After landing, the airplane unexpectedly veered to the right, left the runway, ran along the ground, broke through the airport fence, crashed into a sewage treatment plant building and stopped. Upon impact with the building, the plane was half-destroyed and caught fire.

==Investigation==
The Interstate Aviation Committee (MAK) opened an investigation into the accident. A separate criminal investigation was also opened.

According to the interim report it was determined that while descending to 10,000 feet (3,000 m) approximately 34 nautical miles (63 km) from the airport, the left engine failed due to reduced oil pressure. The captain took control of the aircraft, disengaged the autopilot, and verified the engine's automatic feathering. The aircraft continued its approach and landed on runway 23, but began to deviate to the right after touchdown, veered off the runway, crossed the airport fence, collided with a building, and caught fire. The flight attendant evacuated the passengers through the rear exits. The first officer was unable to save the captain and flight engineer, who were trapped and showed no signs of life.
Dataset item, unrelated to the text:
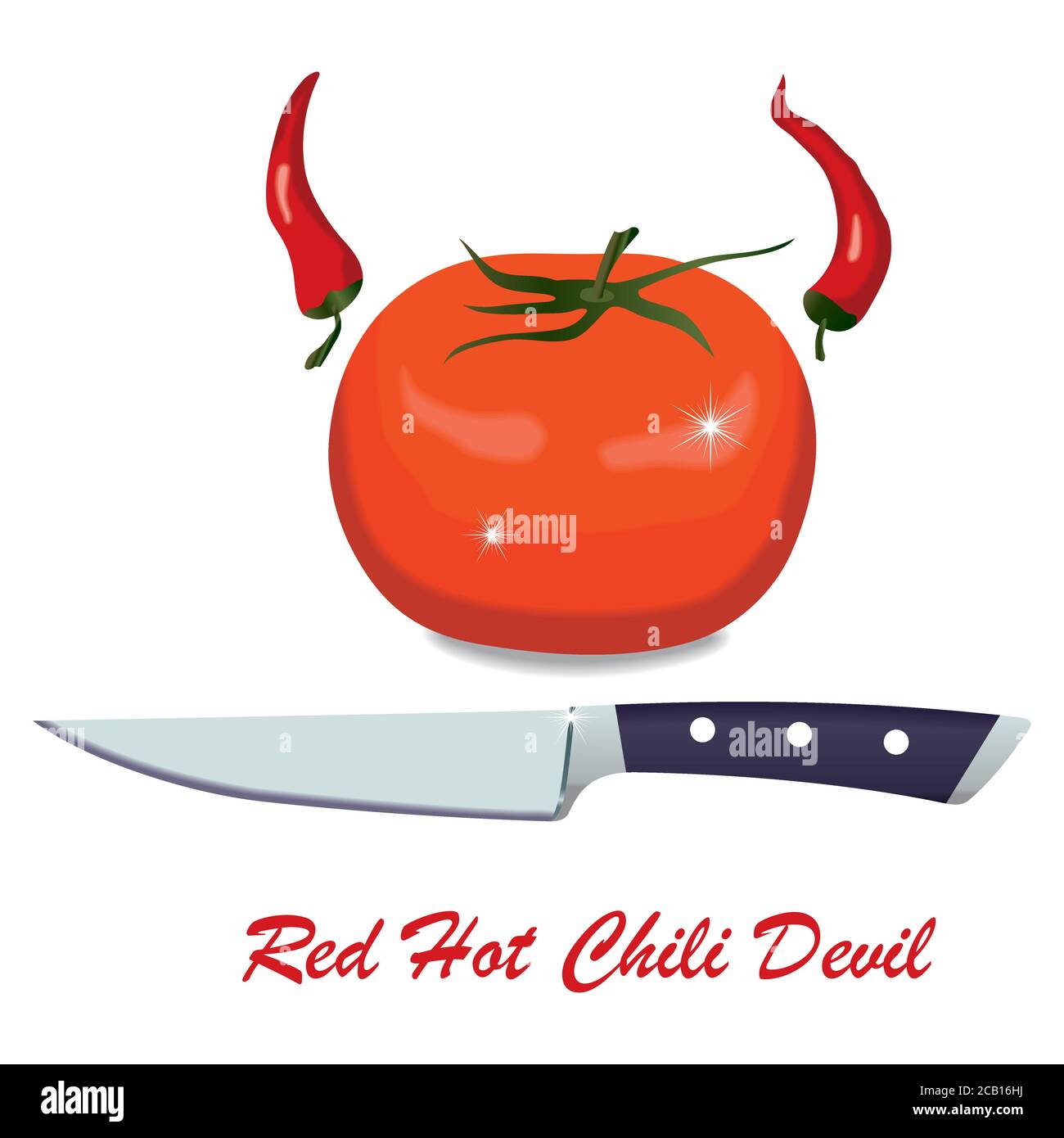Red Hot Chili Devil. Tomato with red hot peppers on the sides like devil horns. Stock Vector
The first officer exited through the left front emergency hatch.

At the same time, the IAC confirmed that because the captain of the crew became ill before the flight, the airline replaced him with an inspector pilot. The IAC also recommended that airlines conduct a one-time check of the technical condition and operability of the brake systems in accordance with the maintenance regulations on An-24 and An-26 aircraft. The committee also recommended that flight crews additionally study the process of approaching and landing with one failed engine on An-24 aircraft.